Pycapa performs network packet capture, both off-the-wire and from Kafka, which is useful for the testing and development of Apache Metron. It is not intended for production use. The tool will capture packets from a specified interface and push them into a Kafka Topic.
$ pycapa --help usage: pycapa [-h] [-p] [-c] [-k KAFKA_BROKERS] [-t TOPIC] [-n PACKET_COUNT] [-d DEBUG] [-i INTERFACE] optional arguments: -h, --help show this help message and exit -p, --producer sniff packets and send to kafka -c, --consumer read packets from kafka -k KAFKA_BROKERS, --kafka KAFKA_BROKERS kafka broker(s) -t TOPIC, --topic TOPIC kafka topic -n PACKET_COUNT, --number PACKET_COUNT number of packets to consume -d DEBUG, --debug DEBUG debug every X packets -i INTERFACE, --interface INTERFACE interface to listen on
Pycapa has two primary runtime modes.
Pycapa can be configured to capture packets from a network interface and then forward those packets to a Kafka topic. The following example will capture packets from the eth0 network interface and forward those to a Kafka topic called pcap running on localhost.
pycapa --producer --kafka localhost:9092 --topic pcap -i eth0
To output debug messages every 100 captured packets, run the following.

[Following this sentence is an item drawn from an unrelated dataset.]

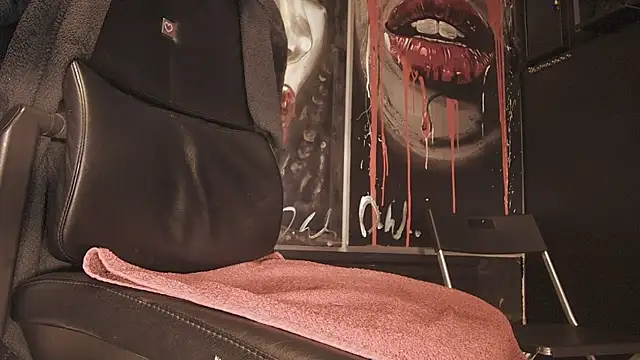 Snapshot of dani4334 chatting on September 23, 2025, 9:00 pm dani4334 online show from September 23, 2025, 9:00 pm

pycapa --producer --kafka localhost:9092 --topic pcap -i eth0 --debug 100
Pycapa can be configured to consume packets from a Kafka topic and then write those packets to a libpcap-compliant file. To read 100 packets from a kafka topic and then write those to a libpcap-compliant file, run the following command. The file out.pcap can then be opened with a tool such as Wireshark for further validation.
pycapa --consumer --kafka localhost:9092 --topic pcap --n 100 > out.pcap
To consume packets from Kafka continuously and print debug messages every 10 packets, run the following command.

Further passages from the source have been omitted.